Rumusan tersebut mengakui nilai-nilai hukum adat sebagai nilai-nilai hukum dan rasa keadilan yang hidup dalam masyarakat. Melalui kewajiban (atau bisa juga diartikan sebagai kewenangan) hakim dan hakim konstitusi tersebut, eksistensi hukum adat dapat dijaga melalui putusan pengadilan. Pencantumannya secara tertulis dalam undang-undang tidak terlepas dari sistem hukum negara Indonesia yang lebih condong ke arah sistem hukum civil law. Namun demikian, eksistensi hukum adat hanya dapat dijaga melalui praktek-praktek (law in action). Pasal 5 ayat (1) Undang-Undang Kekuasaan Kehakiman tersebut hanyalah sebagai tool atau alat, tetapi penerapannya tergantung dari hakim sebagai pihak yang berwenang untuk menerapkannya. Secara umum, belum banyak hakim yang menggali, mengikuti, dan memahami nilai-nilai hukum dan rasa keadilan yang hidup dalam masyarakat. Kebanyakan hakim masih menganut paradigma positivistik, sehingga putusan-putusannya tidak mencerminkan nilai-nilai budaya bangsa dan keadilan masyarakat, melainkan mencerminkan kemauan undang-undang (kehendak penguasa).

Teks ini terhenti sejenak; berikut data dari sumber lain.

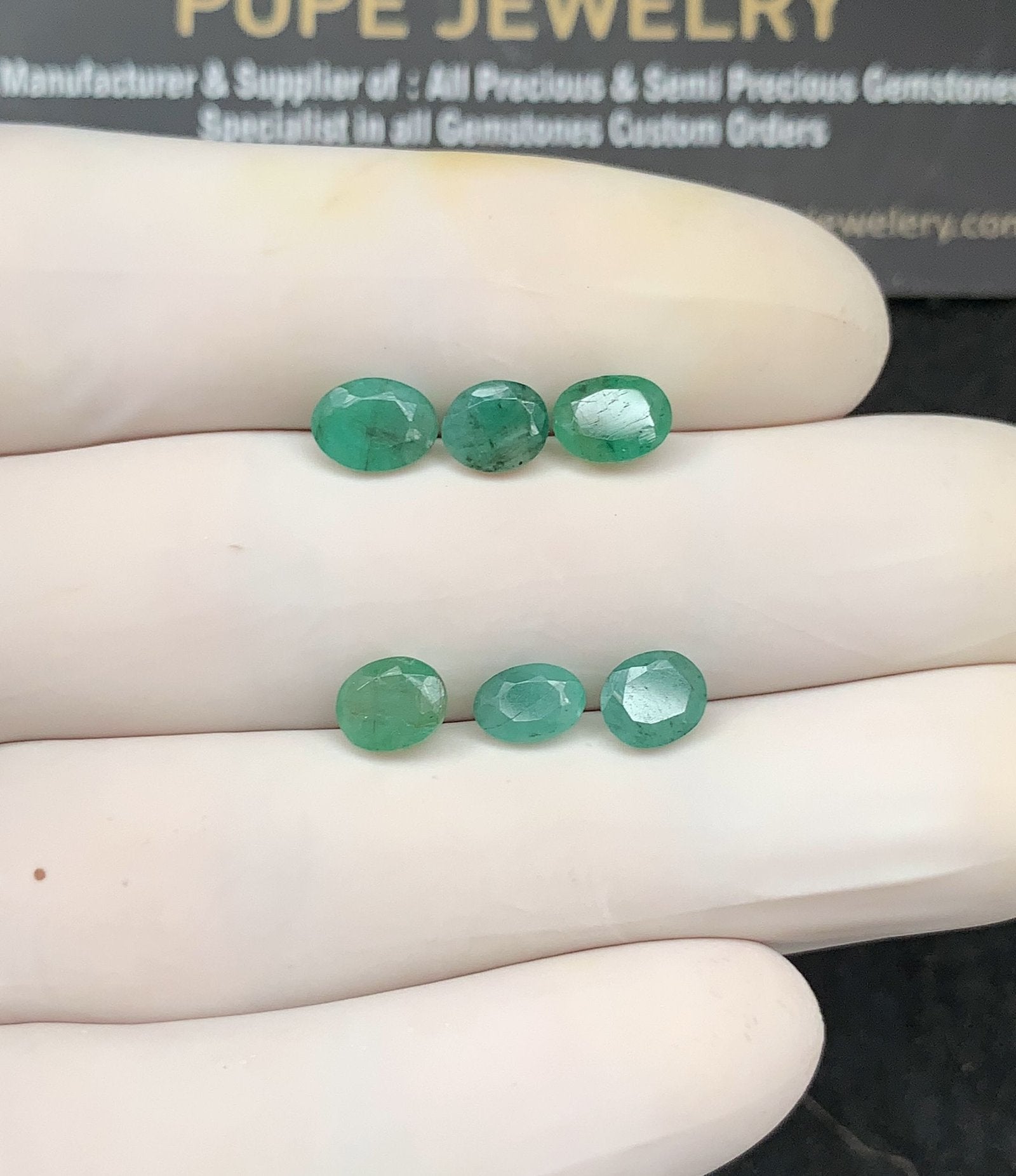 Natural Emerald Gemstone Faceted Cut Oval Shape High Quality Loose Gemstones For Jewelry Making 6-7 MM Size 6 Pc SM24771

[1] Cornelis van Vollenhoven, dikutip dari Mr. Soekanto dan Soerjono Soekanto, Pokok-Pokok Hukum Adat, Alumni, Bandung, 1981, hal. 101.
[2] C. van Vollenhoven, Het Adatrecht van Nederlandsch-Indie, Dell III, hal. 398, dalam Mr. Soekanto dan Soerjono Soekanto, Pokok-Pokok Hukum Adat, Alumni, Bandung, 1981, hal.15-16.
[3] Mr. Soekanto dan Soerjono Soekanto, Pokok-Pokok Hukum Adat, Alumni, Bandung, 1981, hal. 55.
[4] Soetandyo Wignjosoebroto, Dari Hukum Kolonial ke Hukum Nasional, PT Raja Grafindo Persada, Jakarta, 1995, halaman 124.
[5] Ibid, hal. 126.
[6] Ibid, hal. 127.
[7] Ibid, hal. 10-11.
[8] Ibid.
[9] Ter Haar Bzn, Het Adatrecht van Nederlandsch-Indie in Wetenschap, Practijk en Onderwijs, 193, dalam Mr. Soekanto dan Soerjono Soekanto, Pokok-Pokok Hukum Adat, Alumni, Bandung, 1981, hal. 17.
[10] Ter Haar, De Rechtspraak can landraden naar ongenschreven Recht, 1930, dalam Mr. Soekanto dan Soerjono Soekanto, Pokok-Pokok Hukum Adat, Alumni, Bandung, 1981, hal.17.
[11] Soetandyo Wignjosoebroto, Op.Cit., hal. 133.
[12] Ibid, hal. 134.
[13] Soekanto dan Soerjono Soekanto, Loc.Cit.,. halaman 58.
[14] Soetandyo Wignjosoebroto, op cit., hal. 135.